In een e-mail van 19 september 2012 heeft Rabobank aan de toenmalige raadsman van [gedaagde/eiser] geschreven:
(…) Inderdaad speelt nog de verkoop van een klein gedeelte van het perceel ‘[naam]’ in [plaats], uit hoofde waarvan aan de heer [gedaagde/eiser] een bedrag van circa € 280k zal toekomen, althans zo hebben wij begrepen.
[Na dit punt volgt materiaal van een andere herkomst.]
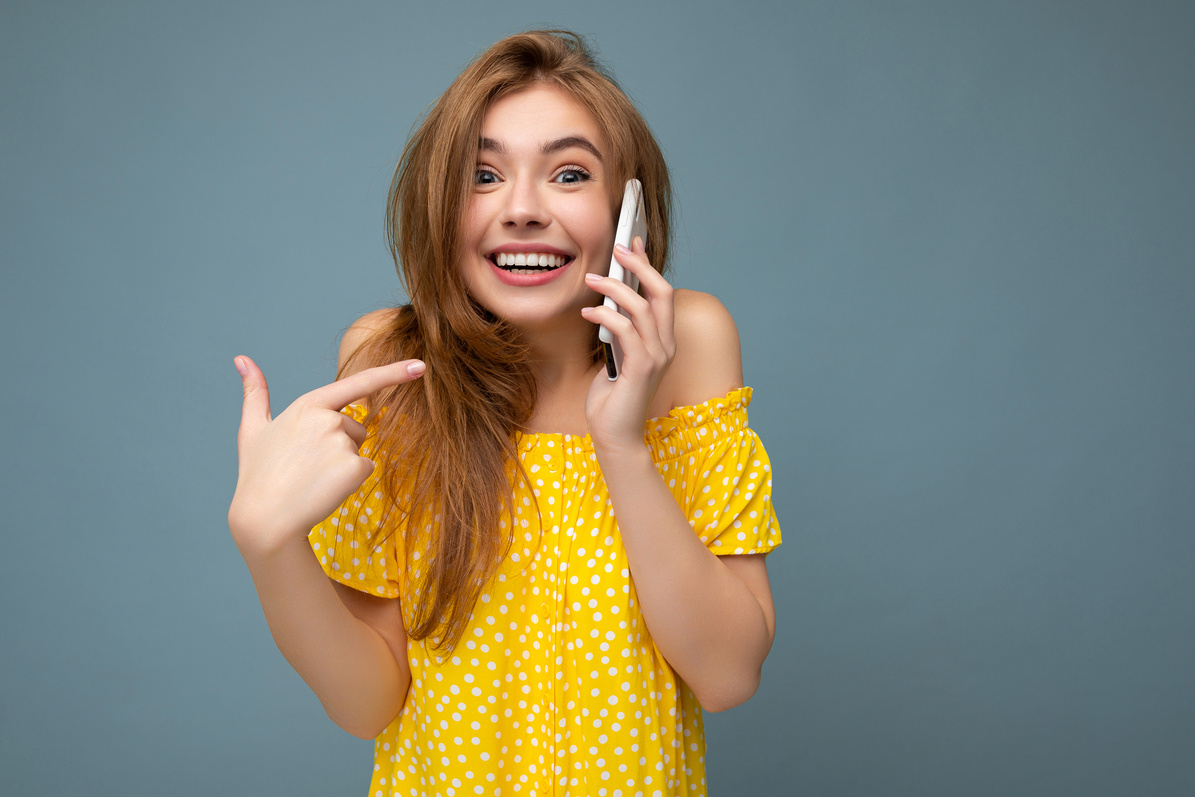 Photo of Beautiful Positive Surprised Young Blonde Woman Wearing Stylish Yellow Summer Dress Standing Isolated over Blue Background Holding and Talking on Mobile Phone with Sincere Emotions Looking at Camera Pointing Finger at Yourself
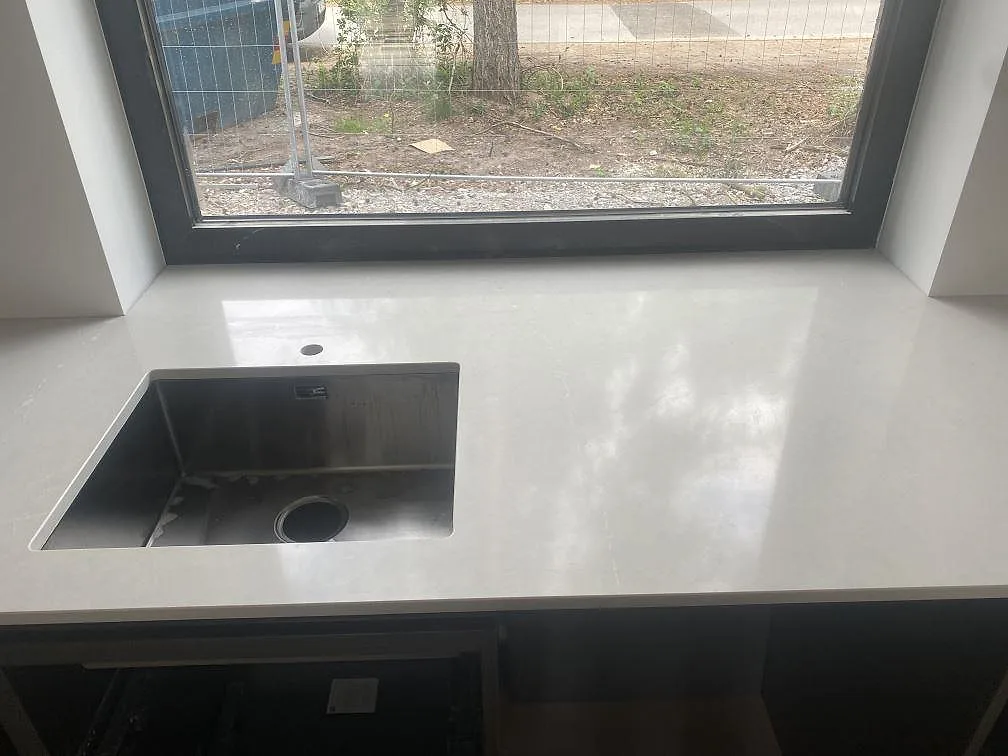 Polerad köksbänkskiva i Silestone Desert Silver med underlimmad rostfri diskho framför fönster i Höllviken.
Zoals ook in onze correspondentie met de heer [gedaagde/eiser] aangegeven, wordt door de bank aanspraak gemaakt op dit volledige bedrag en is aan de heer [gedaagde/eiser] het verzoek gedaan om op grond van artikel 26 van de toepasselijke Algemene Bankvoorwaarden zijn borgtocht te secureren door openbare verpanding en betaling aan de bank van de opbrengst uit voornoemde verkoop. Aan deze verplichting wordt door de heer [gedaagde/eiser] vooralsnog niet meegewerkt, zodat de verkoop van het perceel ook nog niet kan worden afgerond. (…)
2.11.
Bij brief van 17 september 2013 heeft Rabobank aan [gedaagde/eiser] bericht dat zij niet binnen 24 maanden het overeengekomen bedrag van € 500.000 had ontvangen, waardoor de borgtocht onverkort van kracht is gebleven. Rabobank heeft [gedaagde/eiser] gesommeerd tot betaling van € 750.000.
2.12.
In november 2013 is het registergoed [naam], waarvan [gedaagde/eiser] en zijn broer eigenaar waren, verkocht en aan een derde geleverd. In dat verband heeft Rabobank, die een eerste recht van hypotheek op dit registergoed had, een bedrag van
€ 1.118.353,40 ontvangen. Een bedrag van € 325.000 van die koopsom heeft Rabobank in mindering gebracht op de borgtocht, zodat nog een borgtocht voor een bedrag van € 425.000 resteerde.
2.13.
Rabobank heeft voorts diverse creditsaldi van [gedaagde/eiser] geblokkeerd en een bedrag van € 38.566,64 verrekend met de door [gedaagde/eiser] afgegeven borgtocht.
2.14.
Bij brief van 15 februari 2013 heeft Rabobank bij de rechtbank te Den Haag bezwaar gemaakt tegen de staat van verdeling ex artikel 485a Rv in verband met door Planhold Services West B.V. aan haar verpande vorderingen. Bij bevelschrift van 25 januari 2016 is in dat verband aan Rabobank een bedrag van € 218.584,55 toegekend.
2.15.
Bij e-mail van 21 oktober 2016 heeft Rabobank aan [gedaagde/eiser] geschreven:
(…) Aldus zijn in relatie tot de aan de Planhold groep verstrekte financieringen in totaal de volgende opbrengsten gerealiseerd, te weten:- € 500k uit hoofde van de verkoop van de VID, waarna de vordering is gefixeerd op € 1.500k;- € 325k uit hoofde van de verkoop van [naam];- € 22.275,22 uit hoofde van betalingen van verpande debiteuren;- € 218.064,55 uit hoofde van de geïncasseerde verpande vordering op debiteur Switch;- € 38.566,64 uit hoofde van verrekende creditgelden, welke verrekening, zoals separaat aan [gedaagde/eiser] is bericht thans zal plaatsvinden.Rekening houdend met bovenstaande opbrengsten bedraagt de actuele opeisbare vordering van Rabobank op de Planhold-groep € 896.093,59 exclusief kosten.
2.16.
Na daartoe verkregen verlof van de voorzieningenrechter van deze rechtbank heeft Rabobank ten laste van [gedaagde/eiser] op 29 maart 2018 conservatoir beslag gelegd op onroerende zaken van [gedaagde/eiser].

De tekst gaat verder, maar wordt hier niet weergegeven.